High Country Nocturne - Jon Talton

High Country Nocturne

A cache of diamonds is stolen in Phoenix. The prime suspect is former Maricopa County Sheriff Mike Peralta, now a private investigator. Disappearing into Arizona's mountainous High Country, Peralta leaves his business partner and longtime friend David Mapstone with a stark choice. He can cooperate with the FBI, or strike out on his own to find Peralta and what really happened. Mapstone knows he can count on his wife Lindsey, one of the top "good hackers" in law enforcement.

Читать High Country Nocturne (Talton) полностью

The eighth book in the David Mapstone Mystery series, 2015

For Susan


Chapter One

In the end, the truth was almost beside the point.

Chapter Two

Ten o’clock. Two o’clock. I knew the drill.

It had been many years since I had been pulled over by the police, almost as many years since I was a young deputy sheriff doing traffic stops myself. When I did, I wanted to see the driver’s hands right where mine rested now.

Ten o’clock and two o’clock on the steering wheel. Left hand at ten. Right hand at two. Where I could be sure he wasn’t concealing a gun.

Extra points if he had shut down the engine and held his driver’s license and vehicle registration.

Unless the driver was being extra careful because he was a bad guy.

Then I would be on extra guard.

Traffic stops were scary, especially if they were on lonely roads after midnight.

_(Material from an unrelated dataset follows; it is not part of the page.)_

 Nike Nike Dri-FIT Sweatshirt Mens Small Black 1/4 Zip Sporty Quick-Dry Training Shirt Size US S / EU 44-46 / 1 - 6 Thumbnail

It was you and the driver and anybody else in the car and the darkness. Backup might be miles away.

You might think you were pulling over a driver to tell him his taillight was out. Unless the driver had killed his girlfriend or robbed a Circle K five minutes before and didn’t know you were only being Deputy Helpful.

When I was a rookie, these stops were the only part of the job that scared me.

Now I was the driver and Sharon Peralta, my partner’s wife, sat beside me.

My hands rested at ten and two, and the digital clock read one o’clock in the morning.

I had taken a chance roaring north out of Phoenix on Interstate 17 in her silver Lexus IS 250C convertible.

I took a chance doing ninety-five when the posted speed limit was twenty miles-per-hour lower. With budget cuts, traffic stops by the Department of Public Safety-the highway patrol-had plummeted so low that people started calling it the “shadow patrol.”

But the shadow patrol nailed me as I climbed out of Camp Verde. Red lights and blue lights followed me as I took an exit that led down a cut to a crossroads. I pulled off the pavement onto the dirt ten yards before a stop sign.

A spotlight swept the inside of the car, then focused on our rearview mirror. That was standard procedure to keep the occupants of the stopped vehicle from seeing into the police car behind them.

I had already used the button to roll down the window when I heard the officer’s voice.

“Do you know why I stopped you, sir?”

A Southern accent washed through my ear canal.

“I was speeding.”

A flashlight beam flashed across the interior, lingering on our laps and our feet. She asked for my driver’s license and registration. I handed them over.